The republic of AtCoder has $N$ cities numbered $1$ through $N$ and $M$ roads numbered $1$ through $M$.

Road $i$ leads from City $A_i$ to City $B_i$, but you cannot use it to get from City $B_i$ to City $A_i$.

Puma is planning her journey where she starts at some city, travels along zero or more roads, and finishes at some city.

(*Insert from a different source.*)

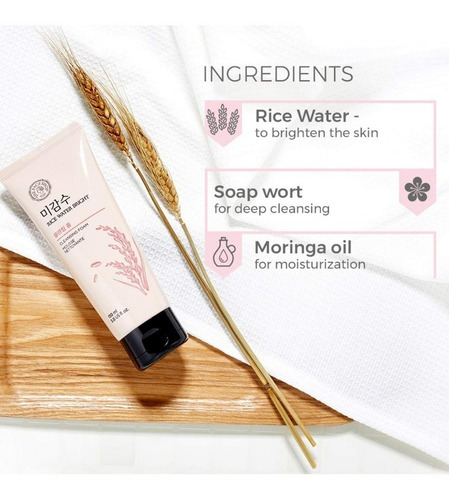 Imagen 2 de 3 de The Face Shop Espuma Limpiadora Brillante De Agua De Arroz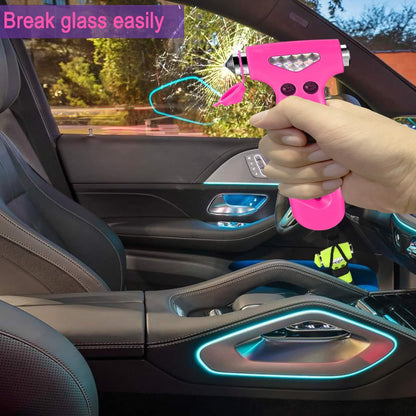 2 Pack Car Safety Hammer, 3-in-1 Emergency Escape Tool Window Breaker and Seat Belt Cutter with Light Reflective Tape for Family Safety Emergency Car Escape Tool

How many pairs of cities can be the origin and destination of Puma's journey? We distinguish pairs with the same set of cities in different orders.

Constraints

• $2 \leq N \leq 2000$
• $0 \leq M \leq \min(2000,N(N-1))$
• $1 \leq A_i,B_i \leq N$
• $A_i \neq B_i$
• $(A_i,B_i)$ are distinct.
• All values in input are integers.

Input

Input is given from Standard Input in the following format:

$N$ $M$

$A_1$ $B_1$

$\vdots$

$A_M$ $B_M$

Output

Print the answer.

3 3
1 2
2 3
3 2

7

We have seven pairs of cities that can be the origin and destination: $(1,1),(1,2),(1,3),(2,2),(2,3),(3,2),(3,3)$.

3 0

3

We have three pairs of cities that can be the origin and destination: $(1,1),(2,2),(3,3)$.

4 4
1 2
2 3
3 4
4 1

16

Every pair of cities can be the origin and destination.